Function Consistency

  1. I notice that some functions explicitly use the return keyword, while others just call the returned object. Consider keeping this consistent between functions for a more professional feel to your code.

  2. I notice that although the roxygen2 style is followed in general, the content of the docstrings are slightly inconsistent. Specifically, some @params will list the object and it's type, while others will list the object along with a brief explanation of the object. Consider keeping this consistent between functions for a more professional feel to your code.

  3. Whilst reading through your docstrings, I made small edits that you may or may not want to implement. The 3 things that I did were:

    • Added a whitespace after every roxygen2 comment (ie #')
    • Removed accidental double comments (ie. #' #')
    • reference dataframe objects in a more consistent manner (ie changed data.frame -> dataframe)

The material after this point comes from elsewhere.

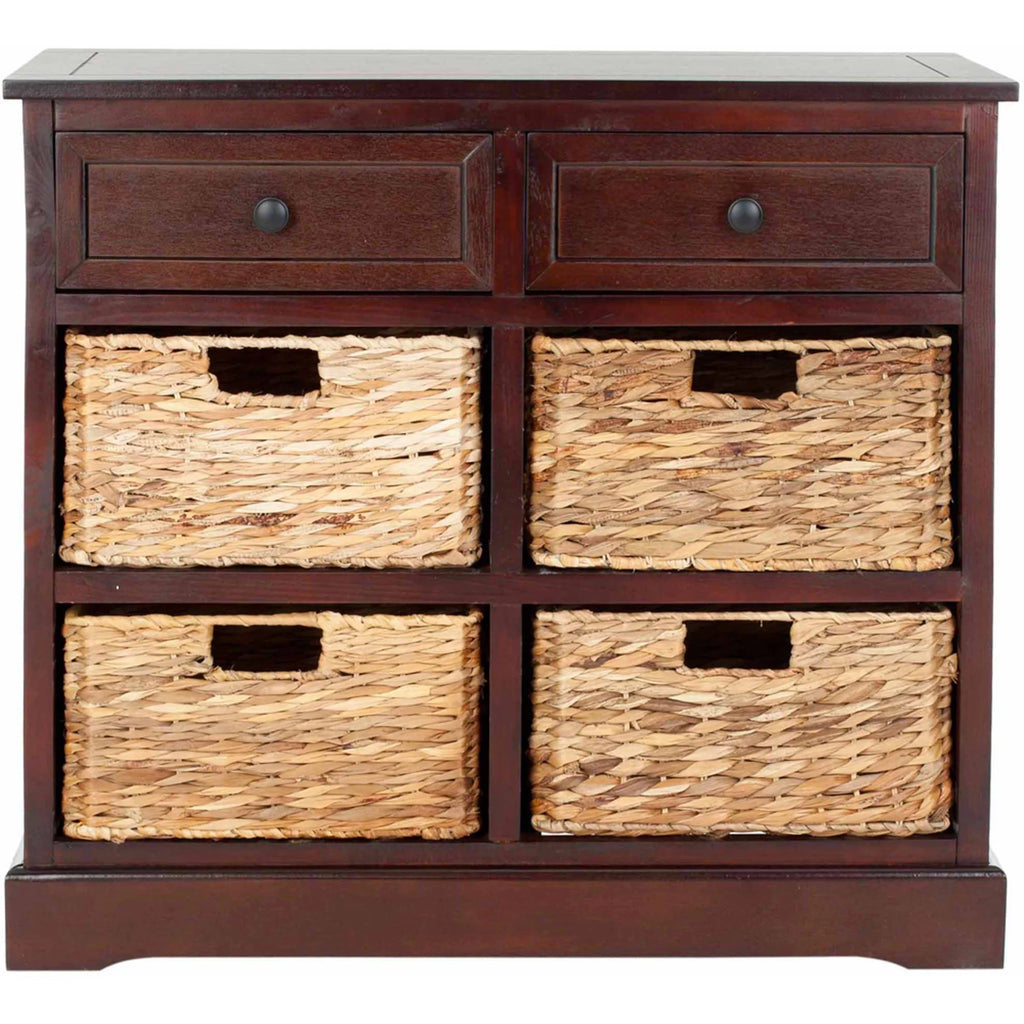 2-Drawer Storage Unit with 4 Wicker Baskets Y123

You can find my suggested changes here in a PR.

Overall great work. I look forward to hearing from you.

ttimbers commented 3 years ago

So nice of you to open a PR to send your suggested changes @nphaterp!

MarcSunUBC commented 3 years ago

Package Review

Please check off boxes as applicable, and elaborate in comments below. Your review is not limited to these topics, as described in the reviewer guide

Documentation

The package includes all the following forms of documentation:

For packages co-submitting to JOSS

The package contains a paper.md matching JOSS's requirements with:

  • [ ] A short summary describing the high-level functionality of the software
  • [ ] Authors: A list of authors with their affiliations
  • [ ] A statement of need clearly stating problems the software is designed to solve and its target audience.
  • [ ] References: with DOIs for all those that have one (e.g. papers, datasets, software).

Functionality

Estimated hours spent reviewing: 1


Review Comments

  1. The vignette document is very clear and easy to follow.
  2. I really liked your project idea, this package would be very helpful for people who aim to train their machine learning models for language processing problems!
  3. Would it be possible to achieve data scraping just as a twitter guest(without using a developer account) or automate the creating account process?
  4. For the clean_df function, exception is handled for the raw_tweets_df, consider exception handling for other parameters?
  5. In the docstrings, I struggled a little trying to understand the parameters, it would probably be more helpful to have more description about them.